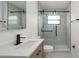Modern bathroom featuring a sliding glass shower door and stylish vanity with a matte black faucet at 11494 Villa Rd, Spring Hill, FL 34609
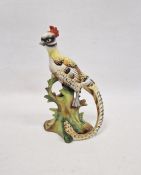 Early 20th century German porcelain model of a pheasant, naturalistically posed on a tree stump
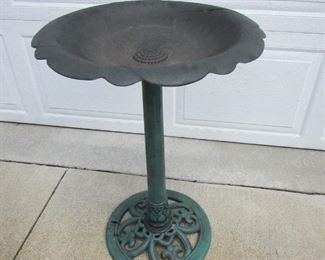 Plastic bird bath. Split to edge of top, but will still hold water.  See additional image. 29" tall x 20" diameter. PRICE: $8.00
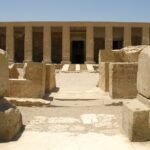Fachada del templo de Seti I en Abydos en Egipto con su columnata de pilares en piedra arenisca dorada bajo un cielo azul despejado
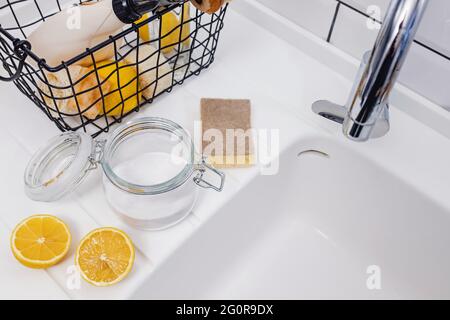 Baking soda and lemons near the sink. Stock Photo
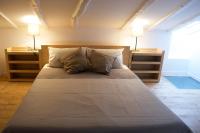 A bed or beds in a room at Via de' Falegnami 6 Apartment by Wonderful Italy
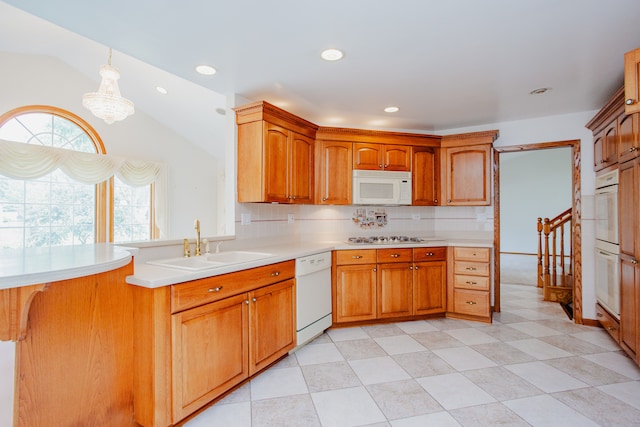 535 Weidner Rd, Buffalo Grove, IL 60089 - kitchen featuring white appliances, light countertops, lofted ceiling, hanging light fixtures, and tasteful backsplash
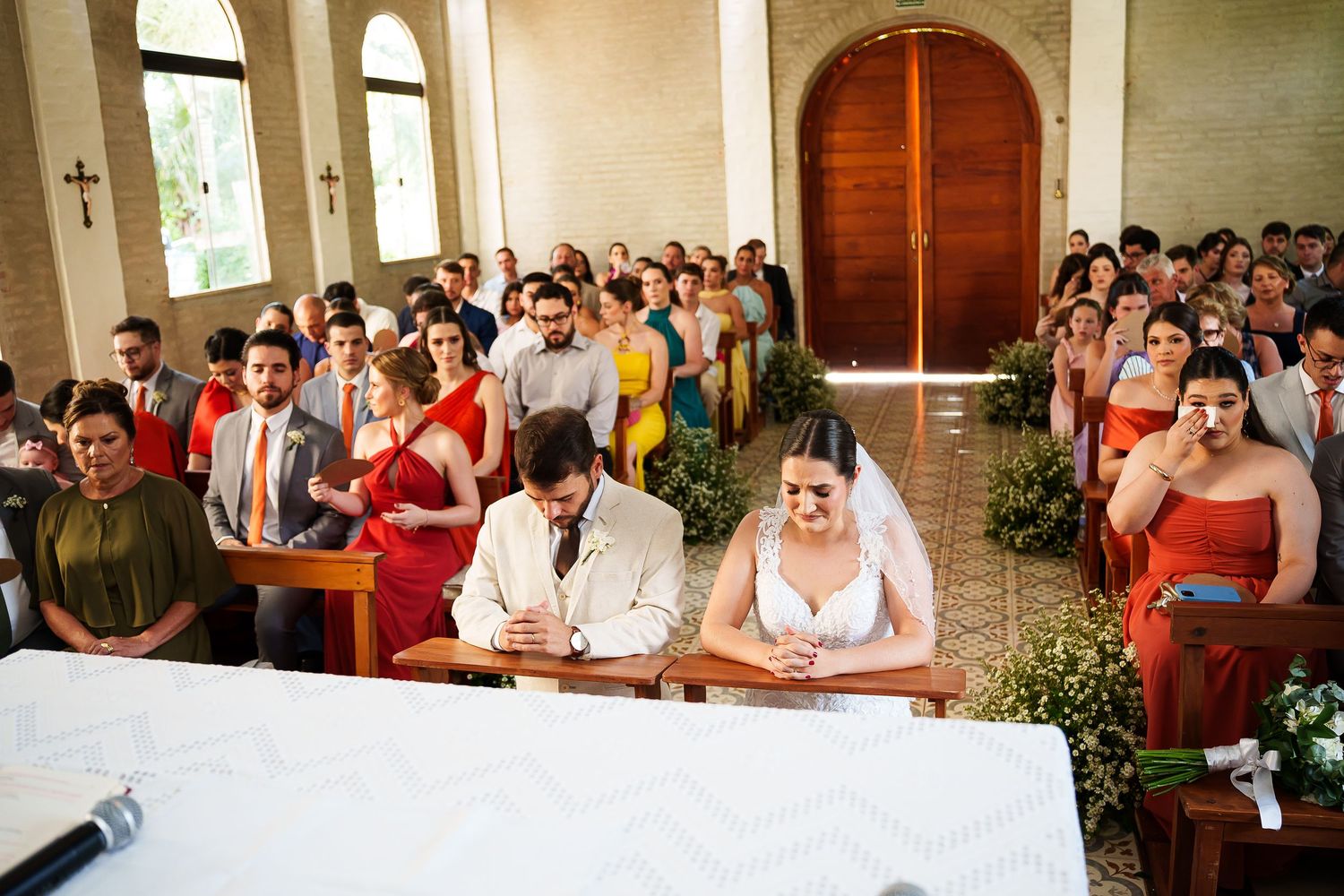 Bride and groom kneeling at church altar during wedding ceremony with guests seated in pews behind them.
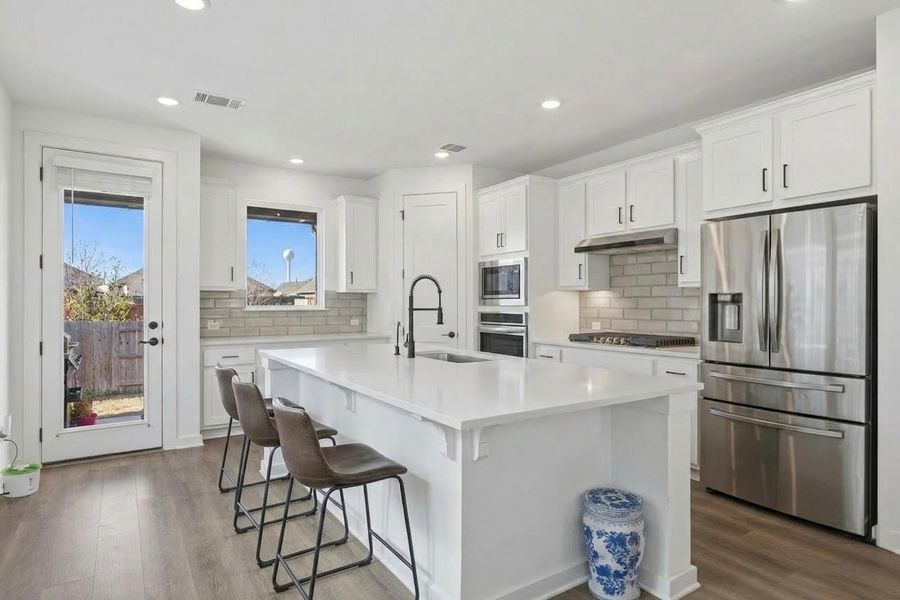 A pristine culinary space awaits, boasting an inviting central island and sleek, contemporary finishes.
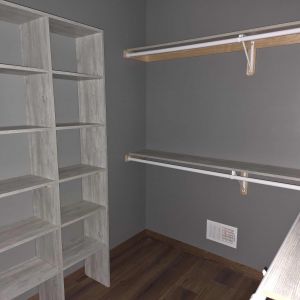 Custom walk-in closet organization system with white built-in shelving and hanging rods in a new master suite.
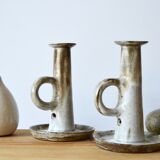 Duo of sandstone candlesticks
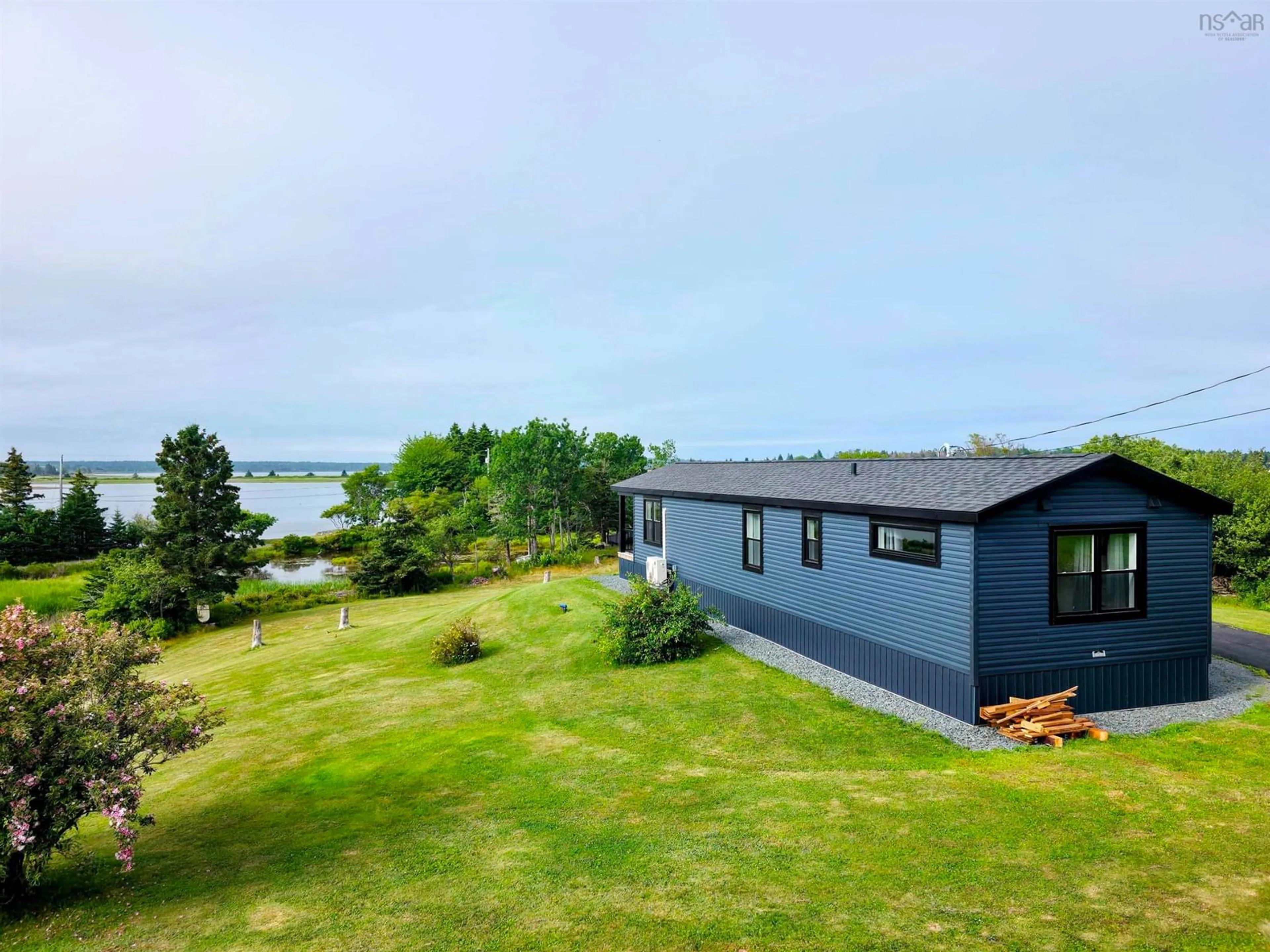 A pic from outside/outdoor area/front of a property/back of a property/a pic from drone, water/lake/river/ocean view for 227 Kingsburg Rd, Lower Rose Bay Nova Scotia B0J 2X0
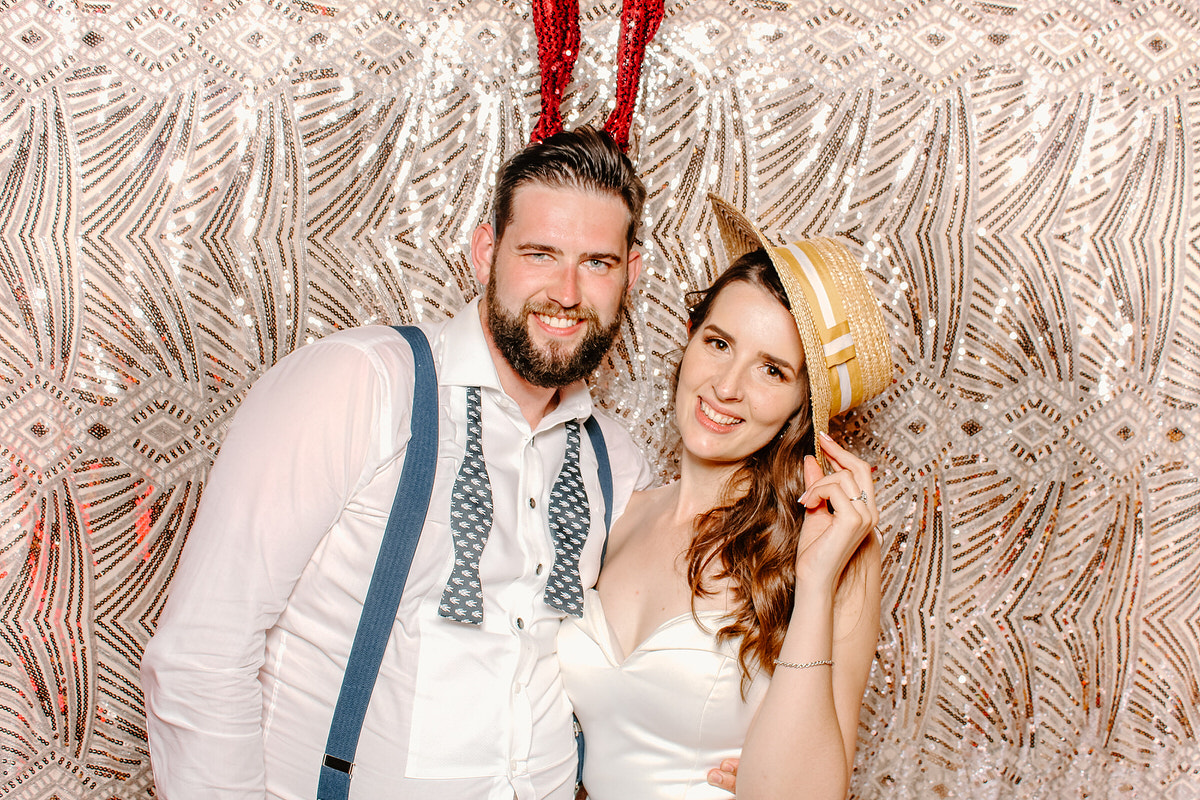 bride and groom posing for photo booth with a boho sequins backdrop 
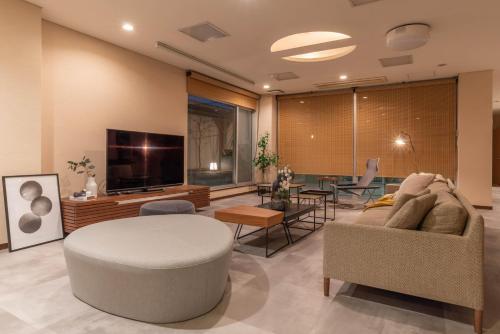 大阪Bijou Suites AI PREMIUM的带沙发和电视的客厅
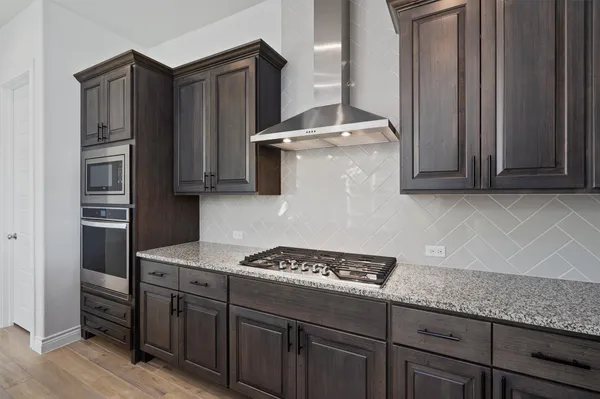 a large kitchen with stainless steel appliances sink a microwave and cabinets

+++

▶ **EXERCISE BRIEF**
Return the data exactly. Do not carry over any images.

▶ **YOUR RESPONSE**
Modern bathroom featuring a sliding glass shower door and stylish vanity with a matte black faucet at 11494 Villa Rd, Spring Hill, FL 34609
 Early 20th century German porcelain model of a pheasant, naturalistically posed on a tree stump
 Plastic bird bath. Split to edge of top, but will still hold water.  See additional image. 29" tall x 20" diameter. PRICE: $8.00
Fachada del templo de Seti I en Abydos en Egipto con su columnata de pilares en piedra arenisca dorada bajo un cielo azul despejado
 Baking soda and lemons near the sink. Stock Photo
 A bed or beds in a room at Via de' Falegnami 6 Apartment by Wonderful Italy
 535 Weidner Rd, Buffalo Grove, IL 60089 - kitchen featuring white appliances, light countertops, lofted ceiling, hanging light fixtures, and tasteful backsplash
 Bride and groom kneeling at church altar during wedding ceremony with guests seated in pews behind them.
 A pristine culinary space awaits, boasting an inviting central island and sleek, contemporary finishes.
 Custom walk-in closet organization system with white built-in shelving and hanging rods in a new master suite.
 Duo of sandstone candlesticks
 A pic from outside/outdoor area/front of a property/back of a property/a pic from drone, water/lake/river/ocean view for 227 Kingsburg Rd, Lower Rose Bay Nova Scotia B0J 2X0
 bride and groom posing for photo booth with a boho sequins backdrop 
 大阪Bijou Suites AI PREMIUM的带沙发和电视的客厅
 a large kitchen with stainless steel appliances sink a microwave and cabinets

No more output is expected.